He gave it to specific journalists with proven track records who concluded that the published info was in the public interest while running it by the government and redacting confidential identifying data.
You can't get more responsible than that.
You remember the government claiming it, but as far as I know they never released any actual statements that his leaks killed anyone.
https://www.vice.com/en/article/438jmw/official-reports-on-the-damage-caused-by-edward-snowdens-leaks-are-totally-redacted
https://www.reuters.com/article/idUSL2N1BR287/
Both of these are pretty typical of all the articles I have seen, which is the government claiming he did great harm, but no actual examples of getting anyone killed.
Yeah, that sound about right. I don't remember it ever being confirmed what, if anything, was actually compromised by the leaks. But I doubt that we'd ever get specific details on something like that from the government, anyway.

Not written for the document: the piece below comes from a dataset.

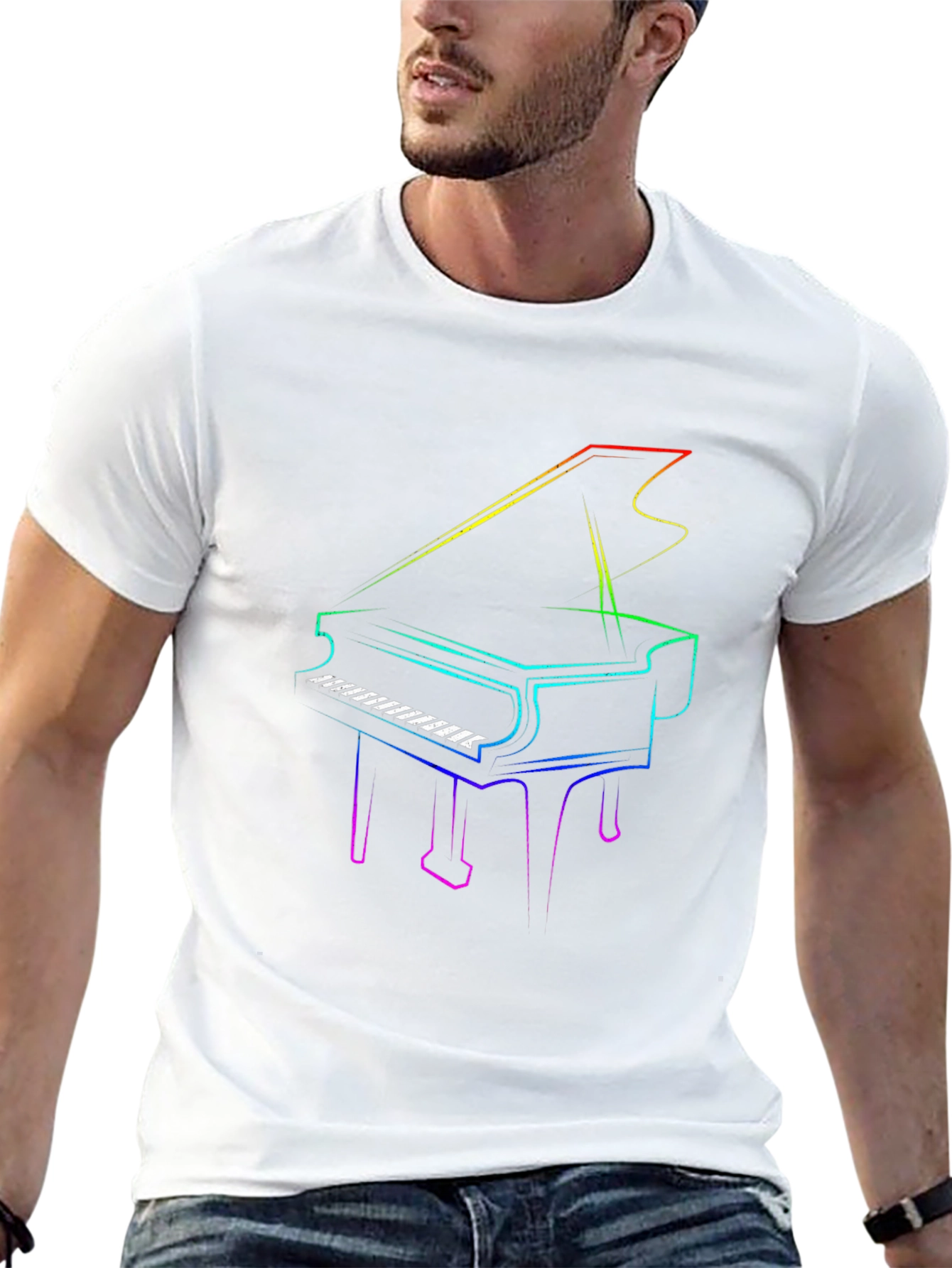 Rainbow Piano Graphic Tee - Cool Musician Shirt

Though I imagine that a lot of ongoing operations at the time probably had to be cancelled prematurely, the consequences of which might never really be known.
This is the fear that is always instilled in people whenever the government takes an L. I'm not saying it's a false statement, but it's also unsubstantiated.

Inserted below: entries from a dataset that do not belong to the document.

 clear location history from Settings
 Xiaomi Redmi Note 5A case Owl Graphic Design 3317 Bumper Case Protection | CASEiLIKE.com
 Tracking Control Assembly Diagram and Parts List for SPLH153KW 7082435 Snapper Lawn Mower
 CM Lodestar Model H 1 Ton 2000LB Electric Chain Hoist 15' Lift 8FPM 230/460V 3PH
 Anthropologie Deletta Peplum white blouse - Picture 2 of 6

That's because they were spies. Spies aren't typically talked about. SOME of the programs he detailed in those releases were within the scope of what he was trying to expose, but many were not. He dumped THOUSANDS of documents related to humint sources that absolutely got people killed, burned other active contacts / projects and cost years worth of work. There was a huge shuffle of personnel after those leaks as intelligence agencies TRIED to get their people out, but there were a great number who couldn't get out. Andrew Bustamante speaks about this, at some length, to just name the most well known talking head.
The majority of what he exposed had nothing to do with domestic surveillance programs, and the way he exposed that information was WILDLY irresponsible.
Yes, the illegal surveillance he exposed was a big deal, but again, was done in a really shitty way that compromised active investigations. He neglected to do anything through proper channels, and instead betrayed his country rather than try to fix the problems through whistle blower channels where he would have actually had legal and tangible protections. Dude was an actual shit bag and a Russian asset.
I'm not going to pretend he wasn't reckless as fuck but don't pretend for even a moment that "going through the proper channels" would have gotten him anything that even halfway resembled a fair trial.